Il nous faut rapporter l’image biblique à nos jours pour en vérifier la pertinence et l’actualité. A première vue, on ne voit guère, en nos villes aujourd’hui, de personnes en attente d’un messager qui annoncerait la joie. L’autosuffisance si répandue dans nos cultures, ainsi que l’indifférence, montrent combien l’homme contemporain est souvent la proie de présomptions qui le portent à considérer toute chose comme évidente, et ont ôté le goût pour la nouveauté. L’attente d’une bonne nouvelle s’oppose à la culture de l’indifférence qui ne considère pas la foi comme une priorité. Cependant, si l’on pouvait aller plus loin que l’immédiat et sonder les cœurs, on verrait sans doute une situation bien différente. La nostalgie de Dieu n’a pas disparu de nos jours. Elle demeure comme le désir d’entendre une parole qui rejoigne l’intime de chacun et lui fasse découvrir sa soif de vérité. Sommes-nous encore capables de ramener l’homme à ce qui est essentiel, lui permettre de se confronter calmement à lui-même, loin des flatteries et des sirènes qui hurlent au point d’étouffer notre voix ? Le problème auquel nous sommes confrontés aujourd’hui est une nouvelle forme d’athéisme, éloigné des expressions philosophiques ou des spéculations intellectuelles, qui est devenu indifférence à l’égard de Dieu. Nous sommes souvent confrontés à la raillerie, aux discriminations ou aux insultes à la foi chrétienne, qui détonnent dans une société démocratique et championne de liberté. Les statistiques officielles que nous avons de l’année 2012 font état de 105 000 chrétiens tués – et c’est la fourchette basse – uniquement parce qu’ils portaient le nom de chrétiens ! On n’a pas entendu beaucoup de voix pour prendre la défense de ces martyrs. Dans notre société laïque, ce chiffre ne provoque pas l’horreur ; face au meurtre des chrétiens, la seule réponse est la neutralité et l’indifférence. Quand il n’est pas refusé, Dieu est le grand inconnu aujourd’hui. Une société où les hommes vivent comme si Dieu n’existait pas devient vite la proie d’idéologies vides de principes éthiques susceptibles de garantir la dignité de la personne. C’est la loi du plus fort et du plus puissant qui prévaut, et l’homme ne peut plus se comprendre lui-même, ni la nature, ni son rapport aux autres.

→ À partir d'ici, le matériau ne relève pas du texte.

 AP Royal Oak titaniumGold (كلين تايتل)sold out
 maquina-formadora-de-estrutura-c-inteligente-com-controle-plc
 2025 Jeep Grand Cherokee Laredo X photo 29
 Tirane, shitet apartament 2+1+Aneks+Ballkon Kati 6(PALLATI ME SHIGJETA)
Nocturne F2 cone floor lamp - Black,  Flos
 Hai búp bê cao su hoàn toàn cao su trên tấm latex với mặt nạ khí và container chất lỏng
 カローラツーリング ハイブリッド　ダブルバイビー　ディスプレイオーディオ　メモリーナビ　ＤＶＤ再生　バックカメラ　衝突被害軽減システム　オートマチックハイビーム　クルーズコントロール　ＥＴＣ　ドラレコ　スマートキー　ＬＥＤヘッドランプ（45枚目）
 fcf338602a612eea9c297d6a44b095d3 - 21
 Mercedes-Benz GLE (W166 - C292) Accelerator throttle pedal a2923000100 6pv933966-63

Dans ce contexte, la nouvelle évangélisation est une occasion à ne pas laisser passer. Elle est une invitation adressée à tous les croyants pour qu’ils renouvellent leur vie en faisant place à leur foi. Avant d’imaginer un destinataire loin de la foi et de la communauté chrétienne, en proie aux forces cachées qui menacent sa liberté, la nouvelle évangélisation est une réelle opportunité offerte aux croyants pour faire un examen de conscience sérieux sur leur manière de vivre la foi. On ne pourra pas mener à bien la nouvelle évangélisation en faisant l’économie de ce moment où chacun est invité à examiner sa façon de penser et de vivre la foi dans un contexte culturel différent du passé et devenu suspicieux, sinon hostile, à la foi chrétienne. Tôt ou tard, il nous faudra prendre conscience que l a prophétie demeure notre seule force dans ce genre de société. Nous ne pourrons agir qu’à travers le témoignage d’une vie menée de façon cohérente, sans céder aux tentations des modèles de vie personnelle et sociale en opposition avec la foi. Le problème n’est pas d’être modernes et au goût du jour. Le problème est de savoir si les modèles de vie imposés aujourd’hui par la culture, et qui sont en décalage avec la foi et les traditions culturelles qui en émanent, possèdent la vérité sur l’existence personnelle et la responsabilité sociale. Avant de réfléchir à la façon de s’adresser aux autres, il nous faut nous pencher sur notre façon de vivre la foi.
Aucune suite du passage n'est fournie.